Dan de algemene definitie van 'lowrider'. Dat is een klassieke automobiel welke niet een beetje is verlaagd. Deze lowriders zijn dan ook totaal niet geschikt voor een gemiddelde Nederlandse woonwijk met verkeersdrempels en rotondes. Het is soms centimeterwerk van het asfalt tot het onderste plaatwerk. Ik denk dat de 'lowrider'-deuntjes van tegenwoordig veel hebben te maken met de oorsprong van de extreem verlaagde bolides. De Latino's beginnen met de 'lowriders'. Net zoals veel Ford's uit de jaren dertig en Kevers zijn geëindigd als 'hotrod', worden de Amerikaanse bolides uit de jaren vijftig en zestig vooral gebruikt voor de 'lowriders'. Latino's zijn dol op hun autos, kopen het karretje voor weinig en bouwen het uit tot hun eigen paleis op wielen waarbij kosten noch moeite worden gespaard. Als je luistert naar 'How Could You Be So Cold' van Grand Theft zou je een voorstelling kunnen maken: Een vervaarlijk brommende Chevrolet Bel-Air op een boulevard op een zomerse avond. Ramen open en dan met je geliefde naast je de blits maken in je 'unieke' auto. Dat doe je niet met snel accelereren, maar juist met één hand aan het stuur een slakkengang aan te houden. De radio speelt op dat moment bijvoorbeeld dit plaatje: Een perfecte 'crossover' tussen 'sweet soul' en schuifel-soul. Feit is ook dat de meeste Youtube-uploaders deze plaatjes laten vergezellen van foto's van verlaagde voertuigen, maar helaas wordt nergens vermeld wanneer en hoe de muziek een rol is gaan spelen. Het is immers vaak niet de meest populaire muziek welke je op ieder radiostation zou kunnen horen. In het geval van Grand Theft is het zelfs een b-kant van een meer gelikt disco-nummer.

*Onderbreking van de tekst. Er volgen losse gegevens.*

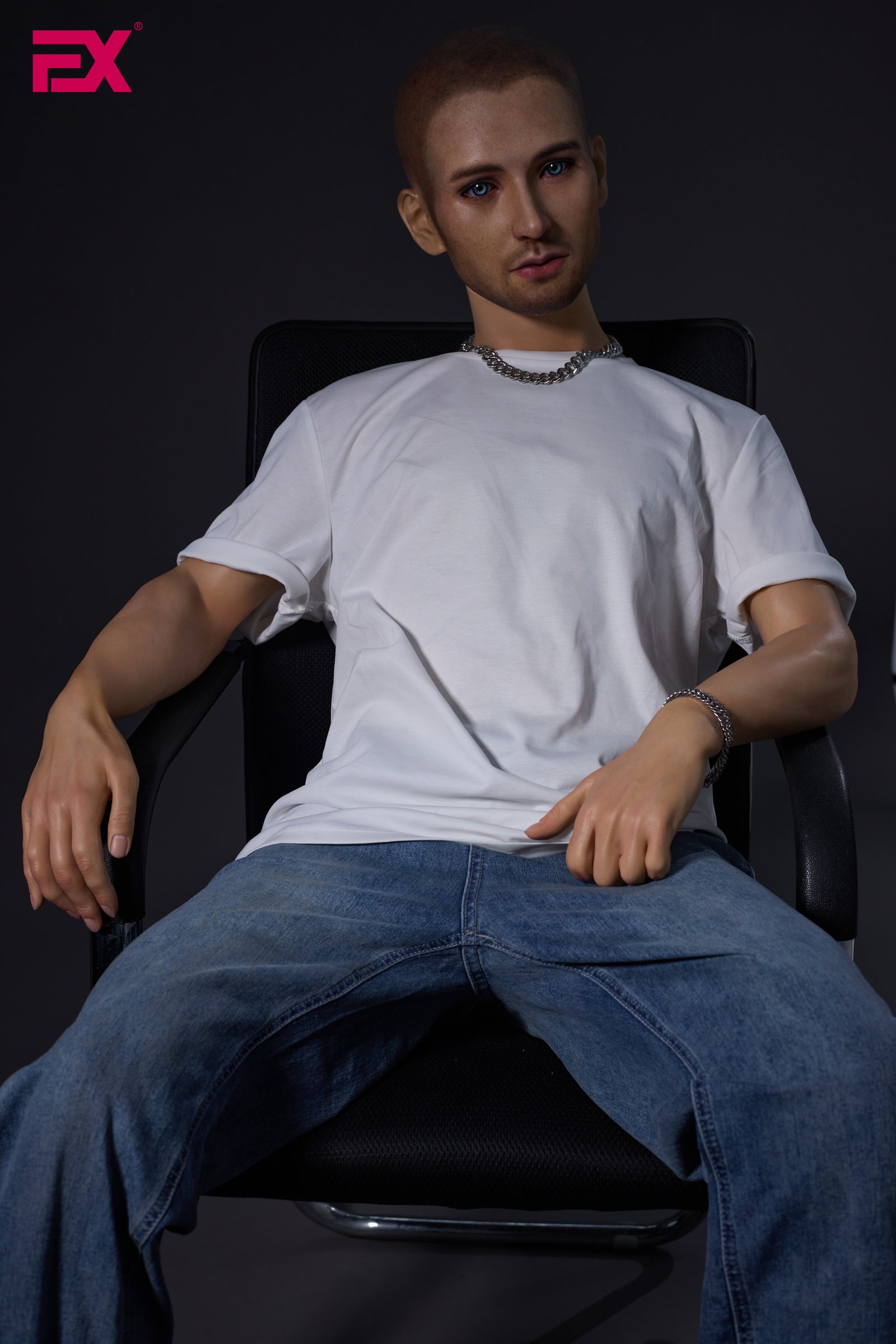 Jason Mand sexdukke (EXDoll 171 cm #CyberFusion silikone)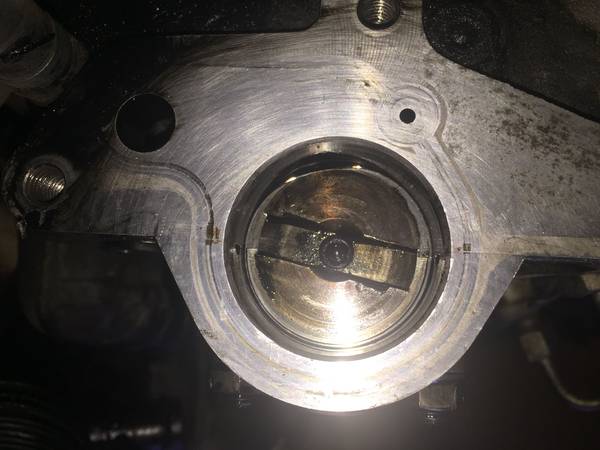 Blown injectors or burned up valves? | TDIClub Forums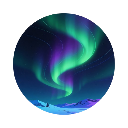 Aurora Borealis Studio Theme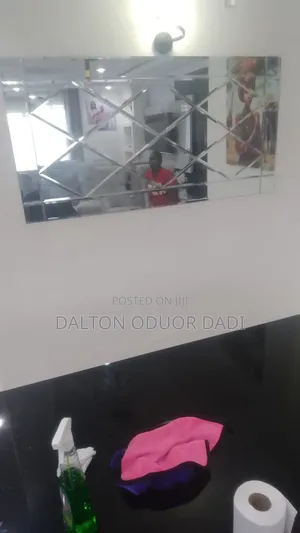 Mirror Glass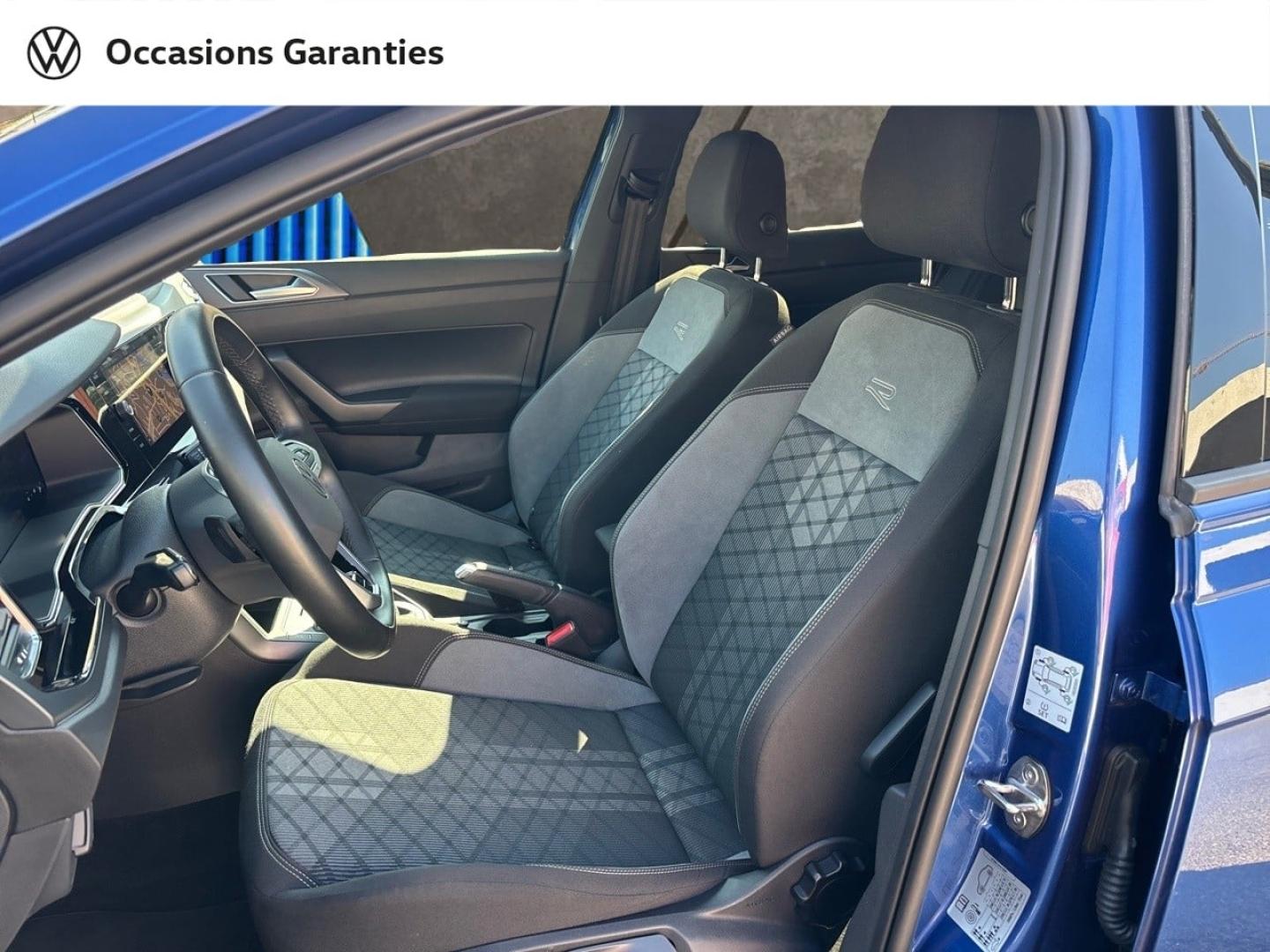 Voitures occasions VOLKSWAGEN POLO R-Line Edition Mougins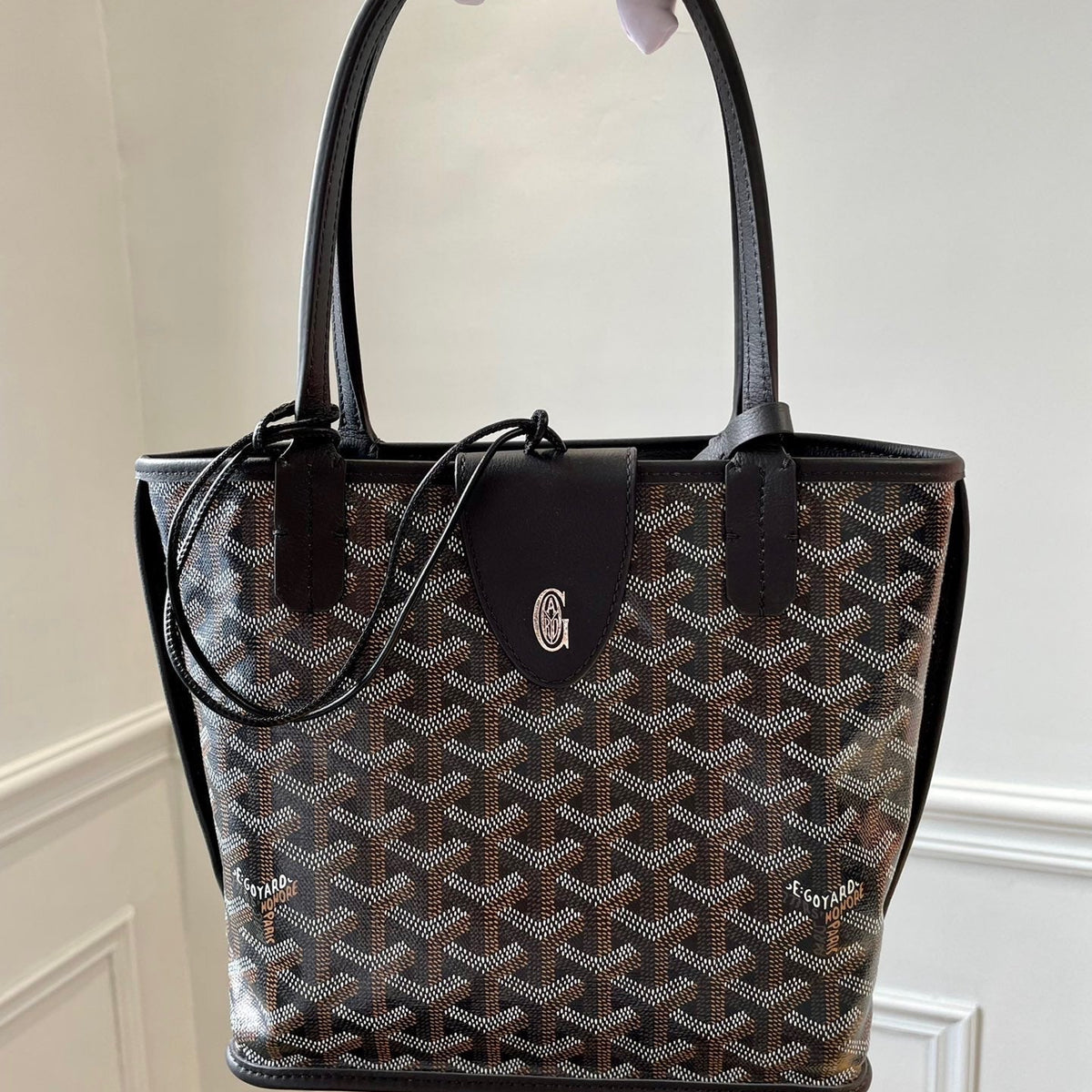 Bags- Goya Mini Anjou Bag Premium Designer Shoulder Bag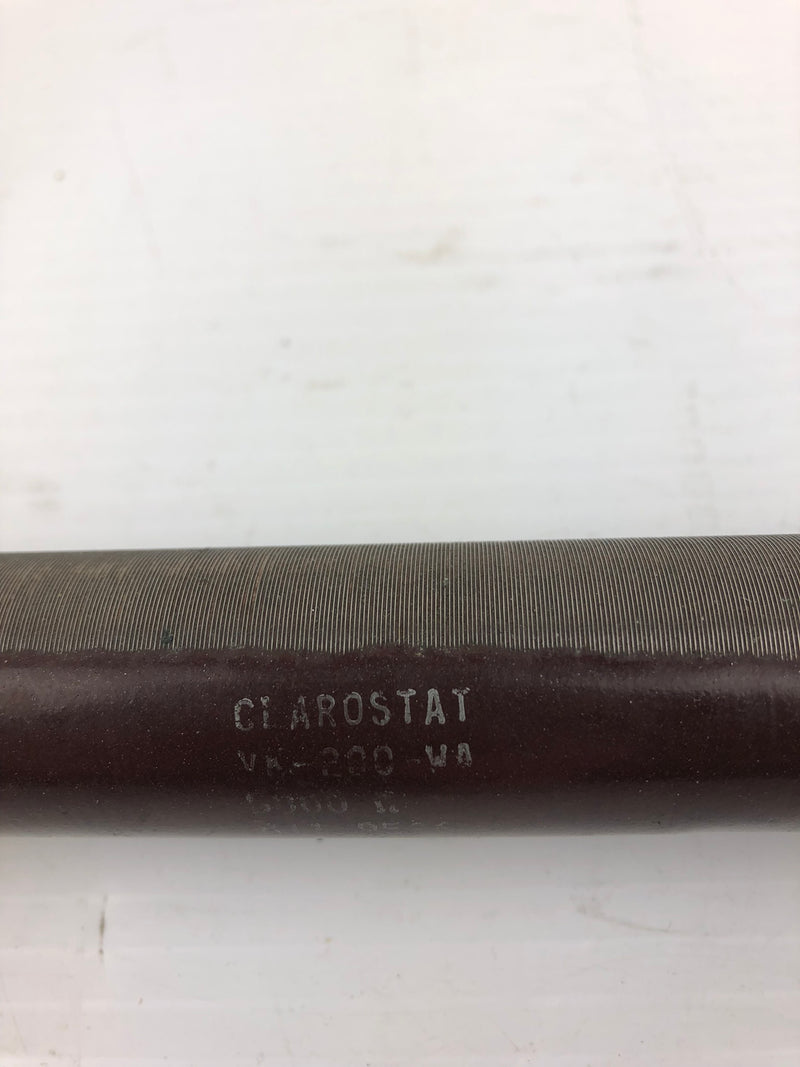 CL AROSTAT VK-200 Resistor 411 95 04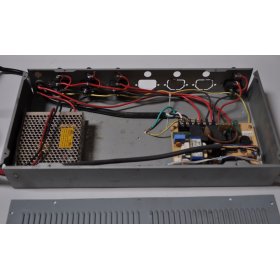 COMPLETE CONTROL POWER BOX 110V / 120V - COMPLETE CONTROL POWER BOX 110V / 120V WITH 4 FEMALE PLUGS 11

Over Grand Theft is helaas niets opgeschreven. Zal ik een geheim delen? Als je écht absoluut niks kan vinden over een groep of een artiest... zoek de video's op Youtube en lees de commentaren. Zo lees ik een reactie van ene Vickie Cook. Ze heeft vier maanden geleden een reactie achtergelaten bij een video die al jaren online is. 'Met mijn echtgenoot Craig Cook op basgitaar. Mag hij in vrede rusten, ik mis hem iedere dag'. Iemand anders heeft het over trombonist Dale, maar geen achternaam of iets dergelijks. Nee, als ik deze Week Spot aan iemand mag opdragen dan is dat wel aan bassist Craig Cook. Voormalig lid van een groep welke té weinig is gedocumenteerd, maar... 'How Could You Be So Cold' begint sinds een paar jaar om zich heen te meppen en het hoeft niet lang te duren eer ik het een wereldwijde cult-status heeft. Het enige dat ik kan doen is het tot Week Spot te bombarderen en dat gebeurt alsnog deze week.

dinsdag 18 april 2017

Raddraaien: The Who



Nadat het vorig jaar zomer bijna wekelijks gebeurt, heeft Ziggo vanavond opnieuw gewerkt aan het lokale kabelverkeer. Je krijgt daar netjes een mailtje over, ruim een week vooraf. Voorgaande keren heb ik geen last van uitval gehad, maar vanavond toch heel even. Ik heb net een uur geluisterd naar mijn collega op Wolfman Radio als ik wil gaan zitten voor Soul-xotica. Dan krijg ik de melding dat ik de modem opnieuw moet opstarten. Ach, wacht maar even... Een uurtje later is er gewoon weer internet mogelijk zonder de herstart van de modem, want dat is pas nog gebeurd. We kunnen alsnog! Eerst een aflevering van 'Raddraaien' en zie daar! Het mag over The Who gaan. Eén van mijn ultieme favoriete rockbands welke toch nog té mondjesmaat aanwezig is geweest op Soul-xotica. Bovendien is het de meest recente single-aanwinst van de groep buiten de 'upgrades' die ik vorig jaar heb gekocht. 'Relay' van The Who (1973) is vandaag het onderwerp van 'Raddraaien'.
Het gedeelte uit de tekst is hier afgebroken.